***** The records *****

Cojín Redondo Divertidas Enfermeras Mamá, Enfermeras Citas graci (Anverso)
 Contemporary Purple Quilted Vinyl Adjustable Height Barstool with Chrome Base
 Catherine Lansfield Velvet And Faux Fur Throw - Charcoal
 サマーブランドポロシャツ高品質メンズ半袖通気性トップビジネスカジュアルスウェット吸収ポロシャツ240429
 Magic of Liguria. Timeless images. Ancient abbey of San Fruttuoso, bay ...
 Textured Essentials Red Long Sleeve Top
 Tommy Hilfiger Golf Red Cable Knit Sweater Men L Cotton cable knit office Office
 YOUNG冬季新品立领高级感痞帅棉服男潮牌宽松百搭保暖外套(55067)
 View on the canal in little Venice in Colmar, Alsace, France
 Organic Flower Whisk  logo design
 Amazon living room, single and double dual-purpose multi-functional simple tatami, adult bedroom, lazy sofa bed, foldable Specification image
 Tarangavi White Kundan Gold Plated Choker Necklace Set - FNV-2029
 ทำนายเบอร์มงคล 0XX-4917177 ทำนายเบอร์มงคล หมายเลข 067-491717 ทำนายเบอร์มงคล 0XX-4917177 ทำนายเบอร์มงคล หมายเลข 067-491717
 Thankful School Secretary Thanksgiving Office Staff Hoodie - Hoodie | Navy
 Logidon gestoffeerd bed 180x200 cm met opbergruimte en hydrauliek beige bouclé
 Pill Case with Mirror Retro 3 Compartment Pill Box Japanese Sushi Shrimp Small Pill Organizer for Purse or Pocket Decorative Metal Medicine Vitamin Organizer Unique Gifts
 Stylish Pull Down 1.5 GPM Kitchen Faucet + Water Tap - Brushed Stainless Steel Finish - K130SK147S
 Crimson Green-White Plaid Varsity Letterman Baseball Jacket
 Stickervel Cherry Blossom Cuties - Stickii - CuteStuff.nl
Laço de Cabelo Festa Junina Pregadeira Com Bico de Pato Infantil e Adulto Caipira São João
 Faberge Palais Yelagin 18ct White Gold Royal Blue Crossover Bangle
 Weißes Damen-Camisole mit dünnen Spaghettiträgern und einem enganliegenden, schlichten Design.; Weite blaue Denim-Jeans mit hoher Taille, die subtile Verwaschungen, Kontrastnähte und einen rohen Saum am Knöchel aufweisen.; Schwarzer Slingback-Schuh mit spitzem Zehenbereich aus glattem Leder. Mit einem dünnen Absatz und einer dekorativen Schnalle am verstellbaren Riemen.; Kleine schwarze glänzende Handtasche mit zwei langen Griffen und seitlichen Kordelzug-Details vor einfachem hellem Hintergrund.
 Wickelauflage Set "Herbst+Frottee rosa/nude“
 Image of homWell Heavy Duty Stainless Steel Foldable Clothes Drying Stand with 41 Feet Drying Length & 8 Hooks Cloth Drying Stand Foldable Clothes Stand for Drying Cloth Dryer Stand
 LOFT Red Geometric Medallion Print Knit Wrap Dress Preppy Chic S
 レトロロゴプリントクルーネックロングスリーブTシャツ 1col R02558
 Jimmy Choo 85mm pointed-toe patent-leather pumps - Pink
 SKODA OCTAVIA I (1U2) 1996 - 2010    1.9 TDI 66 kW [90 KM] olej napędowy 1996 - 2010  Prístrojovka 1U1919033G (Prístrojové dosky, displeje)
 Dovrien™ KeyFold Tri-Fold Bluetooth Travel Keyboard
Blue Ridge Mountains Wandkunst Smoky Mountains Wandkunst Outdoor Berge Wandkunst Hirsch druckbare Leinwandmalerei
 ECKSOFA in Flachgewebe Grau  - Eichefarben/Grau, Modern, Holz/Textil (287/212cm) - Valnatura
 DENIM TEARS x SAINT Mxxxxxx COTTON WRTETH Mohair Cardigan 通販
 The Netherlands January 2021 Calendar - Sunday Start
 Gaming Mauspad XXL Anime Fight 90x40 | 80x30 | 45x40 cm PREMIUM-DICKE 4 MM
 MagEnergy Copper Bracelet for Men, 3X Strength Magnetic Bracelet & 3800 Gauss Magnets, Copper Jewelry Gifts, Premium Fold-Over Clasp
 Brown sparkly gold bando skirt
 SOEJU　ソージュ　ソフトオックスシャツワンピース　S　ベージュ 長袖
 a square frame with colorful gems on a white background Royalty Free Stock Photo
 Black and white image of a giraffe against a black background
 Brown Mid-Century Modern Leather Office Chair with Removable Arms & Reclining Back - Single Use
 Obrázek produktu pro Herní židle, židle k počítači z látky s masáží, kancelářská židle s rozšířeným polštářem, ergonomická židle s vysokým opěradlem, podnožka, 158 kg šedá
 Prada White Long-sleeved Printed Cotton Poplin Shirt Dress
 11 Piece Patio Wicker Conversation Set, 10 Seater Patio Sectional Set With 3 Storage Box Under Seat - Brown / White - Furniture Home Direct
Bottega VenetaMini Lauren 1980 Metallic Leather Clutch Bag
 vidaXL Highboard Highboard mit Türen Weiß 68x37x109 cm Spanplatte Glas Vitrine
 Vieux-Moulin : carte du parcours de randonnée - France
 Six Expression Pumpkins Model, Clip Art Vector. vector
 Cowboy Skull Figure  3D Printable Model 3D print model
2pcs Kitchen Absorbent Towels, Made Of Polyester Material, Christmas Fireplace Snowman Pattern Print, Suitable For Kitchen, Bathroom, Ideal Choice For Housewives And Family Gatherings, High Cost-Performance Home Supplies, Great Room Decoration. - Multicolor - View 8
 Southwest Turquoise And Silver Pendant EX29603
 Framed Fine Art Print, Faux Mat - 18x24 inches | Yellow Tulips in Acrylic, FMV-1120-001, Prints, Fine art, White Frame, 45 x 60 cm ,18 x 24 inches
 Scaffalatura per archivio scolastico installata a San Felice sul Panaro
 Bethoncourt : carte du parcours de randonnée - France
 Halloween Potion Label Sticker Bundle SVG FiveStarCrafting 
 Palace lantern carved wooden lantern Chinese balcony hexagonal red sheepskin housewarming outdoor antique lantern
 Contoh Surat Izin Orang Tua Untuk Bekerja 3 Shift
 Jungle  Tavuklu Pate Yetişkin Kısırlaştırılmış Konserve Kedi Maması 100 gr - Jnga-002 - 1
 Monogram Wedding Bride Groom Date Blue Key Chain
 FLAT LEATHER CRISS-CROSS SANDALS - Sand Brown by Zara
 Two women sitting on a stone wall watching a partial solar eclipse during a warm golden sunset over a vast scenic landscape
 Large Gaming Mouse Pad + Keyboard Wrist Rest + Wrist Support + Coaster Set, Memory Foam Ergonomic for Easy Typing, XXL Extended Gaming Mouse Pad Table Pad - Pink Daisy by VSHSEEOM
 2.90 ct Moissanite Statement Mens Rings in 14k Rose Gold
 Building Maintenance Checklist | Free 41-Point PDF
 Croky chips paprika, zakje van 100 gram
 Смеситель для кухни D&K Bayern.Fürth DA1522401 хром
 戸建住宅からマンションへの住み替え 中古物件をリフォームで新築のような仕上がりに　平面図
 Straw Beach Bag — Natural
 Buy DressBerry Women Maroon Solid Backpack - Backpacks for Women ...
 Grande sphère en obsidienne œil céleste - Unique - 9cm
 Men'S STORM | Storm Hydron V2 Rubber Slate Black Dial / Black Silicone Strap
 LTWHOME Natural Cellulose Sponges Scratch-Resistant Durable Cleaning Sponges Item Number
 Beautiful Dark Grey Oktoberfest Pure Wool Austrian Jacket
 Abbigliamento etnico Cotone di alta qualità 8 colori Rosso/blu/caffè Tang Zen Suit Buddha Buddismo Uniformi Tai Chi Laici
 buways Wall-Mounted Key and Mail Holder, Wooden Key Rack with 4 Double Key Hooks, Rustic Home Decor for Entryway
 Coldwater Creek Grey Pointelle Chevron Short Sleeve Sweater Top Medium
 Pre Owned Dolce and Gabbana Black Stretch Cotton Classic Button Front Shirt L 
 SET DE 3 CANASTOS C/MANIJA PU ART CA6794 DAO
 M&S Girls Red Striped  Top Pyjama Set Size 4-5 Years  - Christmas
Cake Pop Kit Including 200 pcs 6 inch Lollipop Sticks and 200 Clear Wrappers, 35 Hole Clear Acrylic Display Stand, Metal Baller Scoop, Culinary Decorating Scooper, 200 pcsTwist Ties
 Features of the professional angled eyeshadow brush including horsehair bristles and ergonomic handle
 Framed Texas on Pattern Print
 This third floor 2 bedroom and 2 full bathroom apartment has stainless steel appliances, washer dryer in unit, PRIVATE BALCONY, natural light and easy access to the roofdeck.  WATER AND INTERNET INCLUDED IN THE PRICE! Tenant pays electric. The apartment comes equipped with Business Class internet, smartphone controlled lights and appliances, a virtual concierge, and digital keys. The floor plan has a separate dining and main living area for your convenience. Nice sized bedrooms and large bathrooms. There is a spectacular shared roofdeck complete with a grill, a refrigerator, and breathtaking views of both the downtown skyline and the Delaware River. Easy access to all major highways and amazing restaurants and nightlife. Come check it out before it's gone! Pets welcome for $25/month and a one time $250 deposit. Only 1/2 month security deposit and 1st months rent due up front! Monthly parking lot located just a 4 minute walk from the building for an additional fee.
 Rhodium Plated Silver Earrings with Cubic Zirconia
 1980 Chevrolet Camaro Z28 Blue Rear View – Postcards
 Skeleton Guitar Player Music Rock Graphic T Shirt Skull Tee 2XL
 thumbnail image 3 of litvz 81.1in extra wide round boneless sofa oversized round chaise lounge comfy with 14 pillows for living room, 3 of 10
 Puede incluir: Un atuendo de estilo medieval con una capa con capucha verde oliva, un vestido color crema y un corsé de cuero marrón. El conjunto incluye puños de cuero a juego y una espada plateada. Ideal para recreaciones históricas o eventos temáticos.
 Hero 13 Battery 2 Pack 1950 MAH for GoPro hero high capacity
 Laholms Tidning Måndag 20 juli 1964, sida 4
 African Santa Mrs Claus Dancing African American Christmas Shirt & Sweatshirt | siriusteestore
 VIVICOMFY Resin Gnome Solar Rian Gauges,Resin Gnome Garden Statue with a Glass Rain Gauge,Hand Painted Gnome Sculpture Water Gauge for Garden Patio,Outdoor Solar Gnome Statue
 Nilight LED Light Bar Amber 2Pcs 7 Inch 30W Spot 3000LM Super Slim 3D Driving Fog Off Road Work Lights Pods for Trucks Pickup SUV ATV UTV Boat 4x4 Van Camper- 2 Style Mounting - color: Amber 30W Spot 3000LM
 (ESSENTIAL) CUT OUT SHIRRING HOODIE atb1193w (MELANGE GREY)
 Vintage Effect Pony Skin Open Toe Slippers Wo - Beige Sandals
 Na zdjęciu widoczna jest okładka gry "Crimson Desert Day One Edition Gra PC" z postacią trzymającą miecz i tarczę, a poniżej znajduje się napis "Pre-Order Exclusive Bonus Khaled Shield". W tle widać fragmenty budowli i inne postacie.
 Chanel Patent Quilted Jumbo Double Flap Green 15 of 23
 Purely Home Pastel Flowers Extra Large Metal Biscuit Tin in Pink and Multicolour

*****

*What needs to be done*: Starting at the line that has "Смеситель для кухни" and ending at the line that has "Abbigliamento etnico Cotone", please write out the lines above exactly, leaving out all others.

*Solved exercise*:
 Смеситель для кухни D&K Bayern.Fürth DA1522401 хром
 戸建住宅からマンションへの住み替え 中古物件をリフォームで新築のような仕上がりに　平面図
 Straw Beach Bag — Natural
 Buy DressBerry Women Maroon Solid Backpack - Backpacks for Women ...
 Grande sphère en obsidienne œil céleste - Unique - 9cm
 Men'S STORM | Storm Hydron V2 Rubber Slate Black Dial / Black Silicone Strap
 LTWHOME Natural Cellulose Sponges Scratch-Resistant Durable Cleaning Sponges Item Number
 Beautiful Dark Grey Oktoberfest Pure Wool Austrian Jacket
 Abbigliamento etnico Cotone di alta qualità 8 colori Rosso/blu/caffè Tang Zen Suit Buddha Buddismo Uniformi Tai Chi Laici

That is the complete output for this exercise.